Ayant affirmé clairement qu’il reconnaissait avoir été un acteur (majeur ou mineur) dans la chaîne d’opérations des détournements massifs d’argent public… Dans ce cas précis, pourquoi avoir libéré l’ancien ministre du pétrole, Noel Mboumba ? Pour faire un point de presse ? 

La vie des Gabonais est devenue, en quelque sorte, le décor de la vie politique alors que ce devrait être son cœur. Ensuite, les turpitudes d’un système politique décomposé apparaissent au grand jour, tous les jours, aux dépens de ceux qui veulent parler du fond et de leur projet. Et c’est, à ce titre, profondément surprenant qu’il faille ces révélations pour que ceux qui sont concernés en prennent subitement conscience.

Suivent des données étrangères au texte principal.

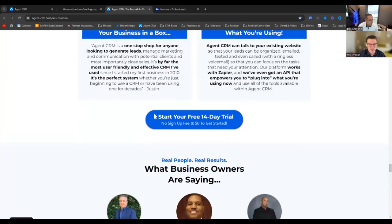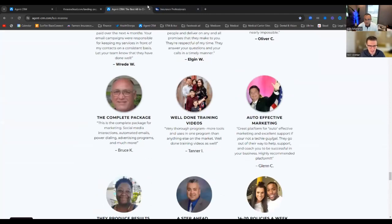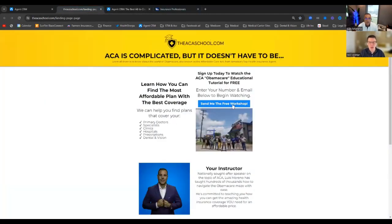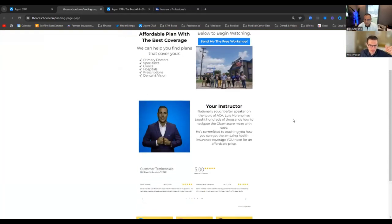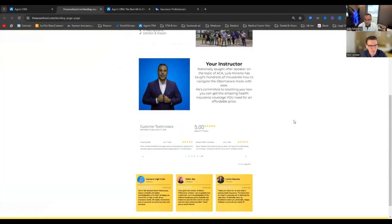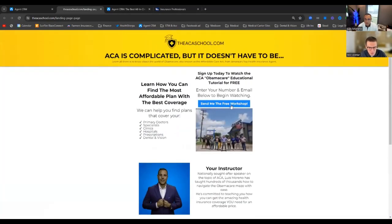Obviously, those watching are probably not selling software — you're selling insurance. So what would your call to action be? Maybe sign up for a consultation, or fill in a quote request. Let's talk through what we're setting up as an example.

En effet, un ex-ministre de la République qui affirme avoir exécuté les « instructions malveillantes des personnalités en position dominante », cela veut dire techniquement, dans un premier temps, que son implication dans les malversations frauduleuses est clairement établie (ses aveux engagent automatiquement sa responsabilité pénale). Deuxièmement, cela veut dire qu’il accuse implicitement ses chefs hiérarchiques, soit le Premier ministre (son chef hiérarchique direct), soit le Président de la République. Car Conformément à la Constitution, l’article 8 dispose que :  » Le Président de la République est le détenteur suprême du pouvoir exécutif qu’il partage avec le Premier ministre ». L’article 28 dispose que :  » Le Gouvernement conduit la politique de la Nation, sous l’autorité du Président de la République… ». Littéralement, au-dessus d’un Ministre de la République, il y’a deux hautes autorités exclusives : Le Premier ministre et le Président de la République. C’est la Loi fondamentale, c’est-à-dire notre Constitution qui le stipule sans ambiguïté. Le reste c’est de la distraction, un spectacle ridicule et inopportun.

Aujourd’hui, nous sommes dans un régime où une forme d’irresponsabilité politique de la Justice s’est installée. S’y est substituée une forme d’hyper-responsabilité des ministres. Ce n’est ni le sens de nos institutions, ni ce qui permet, dans la durée, de redresser le Gabon. A chacun de prendre sa part de responsabilité. Le premier péril qui pèse sur chacune de nos consciences, c’est l’atteinte à notre dignité humaine. C’est la responsabilité de dire que les drames qui se déroulent sous nos yeux sont un crime contre l’humanité. Il serait judicieux que tous les ministres se soumettent à des règles nouvelles de moralisation de la vie publique.